The most outlandish part of this film though, more than the Oompa Loompas or Violet Beauregard turning into a blueberry, is the character of Charlie. That boy has the sweetest, most angelic face I've ever seen and the kindest, most generous nature of any child who's ever lived. I wanted to scoop him up and replace all my actual children with clones of him. Watching as a kid, you see yourself in Charlie and you see Violet, Veruca, Augustus and Mike TV as despicable beasts. But, watching as an adult, I think those four despicable beasts are more like kids I've actually met. I'm tired for their parents. While the chocolate factory is every child's greatest fantasy, Charlie is every parent's.
HE SAW
Not long after we started watching we paused for a toilet break and when we came back, I saw we'd been watching for an hour. I couldn't believe it. I double-checked, then asked Zanna if she believed it. She did, of course, because she's always been more pragmatic than me.

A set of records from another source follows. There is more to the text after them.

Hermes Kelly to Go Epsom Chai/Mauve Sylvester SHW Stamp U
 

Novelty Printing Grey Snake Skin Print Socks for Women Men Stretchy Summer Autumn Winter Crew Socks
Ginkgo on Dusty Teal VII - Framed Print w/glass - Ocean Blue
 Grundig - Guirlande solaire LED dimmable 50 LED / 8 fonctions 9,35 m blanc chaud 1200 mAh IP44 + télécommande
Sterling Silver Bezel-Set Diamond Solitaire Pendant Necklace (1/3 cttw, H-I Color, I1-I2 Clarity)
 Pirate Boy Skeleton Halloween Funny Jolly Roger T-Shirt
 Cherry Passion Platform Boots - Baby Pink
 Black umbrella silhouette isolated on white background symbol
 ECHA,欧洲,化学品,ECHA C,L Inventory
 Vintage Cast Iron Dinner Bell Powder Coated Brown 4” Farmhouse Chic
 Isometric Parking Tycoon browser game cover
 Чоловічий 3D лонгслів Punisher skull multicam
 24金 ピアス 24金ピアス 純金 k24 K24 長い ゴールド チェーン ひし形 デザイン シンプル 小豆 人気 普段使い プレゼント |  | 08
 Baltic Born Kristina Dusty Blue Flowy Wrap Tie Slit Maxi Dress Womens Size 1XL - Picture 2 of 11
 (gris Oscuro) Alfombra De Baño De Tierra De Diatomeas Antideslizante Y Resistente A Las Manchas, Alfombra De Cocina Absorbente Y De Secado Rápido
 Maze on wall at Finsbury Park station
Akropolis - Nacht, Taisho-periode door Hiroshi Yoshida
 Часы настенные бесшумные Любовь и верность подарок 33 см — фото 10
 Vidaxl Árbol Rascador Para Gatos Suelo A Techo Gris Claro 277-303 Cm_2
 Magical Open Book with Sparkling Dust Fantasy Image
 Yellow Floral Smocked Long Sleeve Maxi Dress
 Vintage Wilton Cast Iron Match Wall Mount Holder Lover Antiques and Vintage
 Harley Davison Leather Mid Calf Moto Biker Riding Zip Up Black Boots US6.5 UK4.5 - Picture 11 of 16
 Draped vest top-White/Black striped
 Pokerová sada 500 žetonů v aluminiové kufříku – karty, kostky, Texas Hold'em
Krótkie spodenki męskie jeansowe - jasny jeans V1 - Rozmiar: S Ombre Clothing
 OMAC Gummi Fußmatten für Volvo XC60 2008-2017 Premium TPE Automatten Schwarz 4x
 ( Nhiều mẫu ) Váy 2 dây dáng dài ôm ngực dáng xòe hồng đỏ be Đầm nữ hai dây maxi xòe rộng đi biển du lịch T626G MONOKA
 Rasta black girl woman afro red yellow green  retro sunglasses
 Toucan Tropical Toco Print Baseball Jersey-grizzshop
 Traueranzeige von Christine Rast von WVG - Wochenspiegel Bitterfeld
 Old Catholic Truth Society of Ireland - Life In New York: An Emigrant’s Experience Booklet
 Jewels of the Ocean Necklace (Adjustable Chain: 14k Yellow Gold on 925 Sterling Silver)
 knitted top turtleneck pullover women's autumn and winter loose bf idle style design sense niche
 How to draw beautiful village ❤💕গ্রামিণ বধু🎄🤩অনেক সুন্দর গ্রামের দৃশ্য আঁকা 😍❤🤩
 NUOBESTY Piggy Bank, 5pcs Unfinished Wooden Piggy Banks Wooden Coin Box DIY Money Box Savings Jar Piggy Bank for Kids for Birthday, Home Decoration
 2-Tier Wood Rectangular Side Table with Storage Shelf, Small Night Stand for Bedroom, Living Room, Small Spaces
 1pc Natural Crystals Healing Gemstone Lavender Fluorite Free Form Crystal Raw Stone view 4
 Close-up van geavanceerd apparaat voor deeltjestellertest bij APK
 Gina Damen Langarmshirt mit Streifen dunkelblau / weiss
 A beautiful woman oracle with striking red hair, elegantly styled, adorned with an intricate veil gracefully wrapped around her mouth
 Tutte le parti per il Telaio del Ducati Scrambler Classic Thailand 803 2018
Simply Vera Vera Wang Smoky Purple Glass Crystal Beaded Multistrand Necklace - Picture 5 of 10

Nevertheless, I was astonished. It was Wonka's most incredible trick yet. He'd made the movie slip by almost unnoticed, beneath our eyes. I wondered if I'd been hypnotised, if all those beautiful familiar songs, all that poverty-and-cabbage-soup-redeemed had lulled me into a reverie. Or maybe it was more deliberate than that, some sort of verbal NLP-style trickery. Maybe Wonka's catchphrase, "So much time, so little to see - strike that, reverse it" was somehow messing with my mind's perception.
Or maybe it was more prosaic than that. Maybe it was the movie's structure - surprisingly heavy on the lead-up to Charlie's golden ticket find and surprisingly light on the wonder and terror inside the chocolate factory, exactly the reverse of how I remembered it from the last time I'd watched it, 35 or so years ago.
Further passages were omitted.